“Cieli violati” di Anna Vasta
Recensione di “Cieli violati” (Edizioni Ensemble, 2013) di Anna Vasta.
La raccolta di poesie di Anna Vasta Cieli Violati, arriva a casa in una busta da lettera. Come un invito a nozze, una lettera di un amico, un biglietto di auguri o di ringraziamenti.
Delicata la veste dell’edizione come le successioni in rima baciata e alternata che raccontano un male di [troppo] vivere. È l’eccesso di vita in una terra dal passato e dal presente controverso che rende i versi di Anna Vasta pieni di emozioni dicotomiche. Forse vi si potrebbe paragonare lo specifico della poesia irlandese di Heaney, terra bella di fama e di sventura.
Perché qualunque forma di narrato dolore stride, nelle poesie di Vasta, con una vitale e irruenta Sicilia. Dove non esistono tinte cupe, anche quando si cercano. Dove la vita può solo esplodere e manifestarsi, incurante di ogni forma di dolore umano. Come una donna bellissima… ad un funerale.
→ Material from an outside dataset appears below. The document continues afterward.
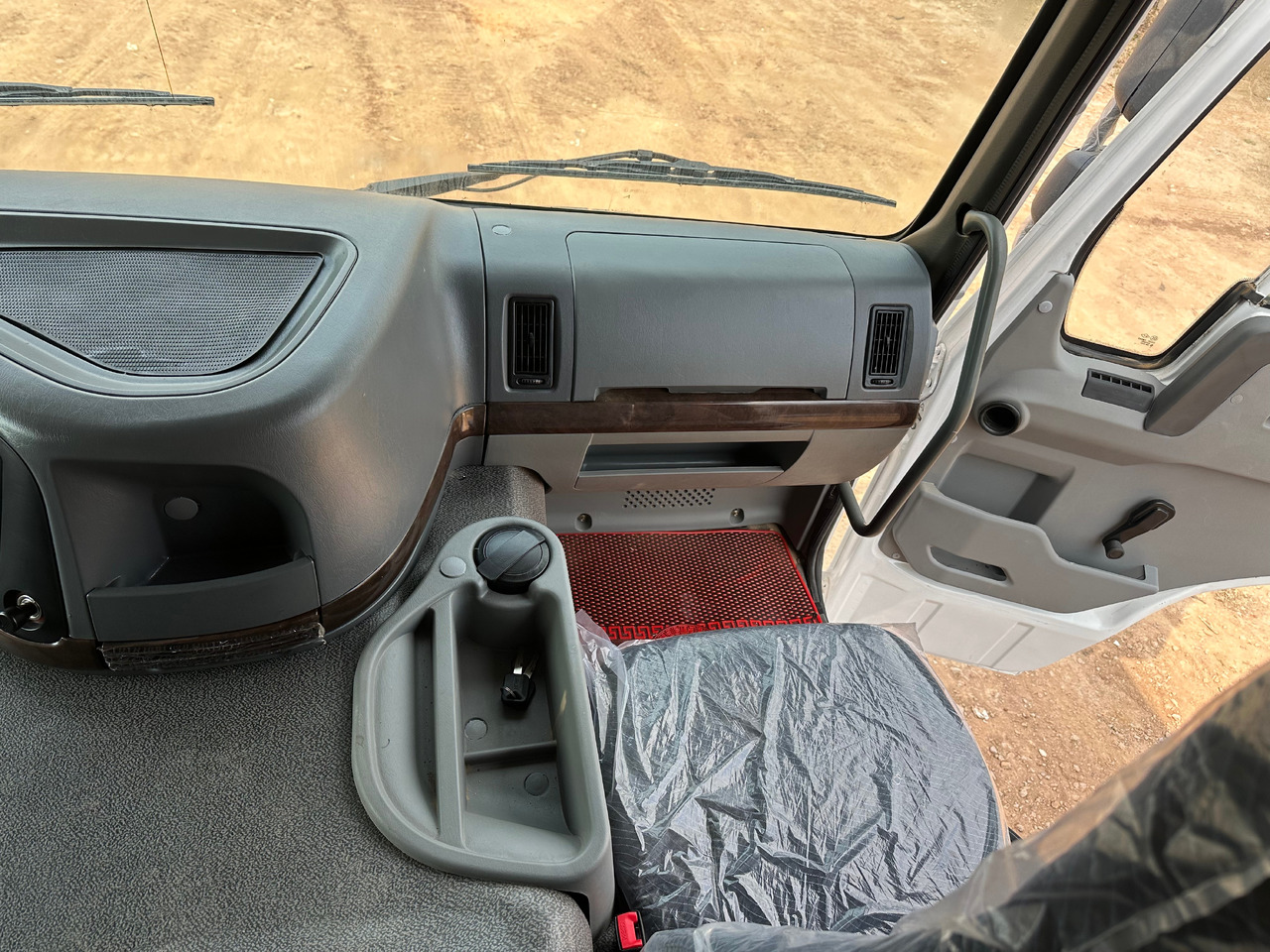 SINOTRUK HOWO Dump truck 371 6x4 - Billenőplatós teherautó: 5 kép. SINOTRUK HOWO Dump truck 371 6x4 - Billenőplatós teherautó: 5 kép.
Persino la morte di Cristo si tinge di una passione ricca di colore, distanziandosi dalla sua accezione greca (pathos, sofferenza passiva). La passione in [viola di passione] diventa colore e vita, quasi blasfema nella sua irruenza.
Tutti gli elementi sono presenti nei campi semantici scelti, mai casuali. Tra terra e foglie, vento e aria, fiumi, mari (immancabile mare) e acqua, il campo semantico prevalente resta, nonostante tutto, il fuoco. Laddove terra, acqua, nubi e foglie alla fine sembrano condurre sempre al sole, laddove ogni cosa si muta in brace (cit. [il fiume], pagina 39), anche quando si parla di morte e caducità, tutto rimanda al calore.
Ritmica la sua poesia, si articola in strofe graficamente dislocate, a destra e a sinistra. Come nei passi di una quadriglia. O i passi di un ubriaco.
Tra i giochi di allitterazioni e parole presenti in molte strofe, molte delle quali da leggere con google aperto (o un dizionario di lingua), come nel caso di [cosa avanza…], la docente e scrittrice siciliana sfida il lettore a conoscere le emozioni quasi fisiche che la lingua italiana può dare, attraverso vocaboli ormai desueti ma ricchi di secoli di storia e vita.
Il lettore viene accompagnato, ebbro e disorientato, in un’esperienza di lettura che si sviluppa in uno spazio poetico e geografico quasi shakespeariano, in cui è brutto il bello, è bello il brutto. Dove ‘Tutto qui è precoce. E tutto muore in fretta/ Tutto corre e precipita e tutto è fermo’.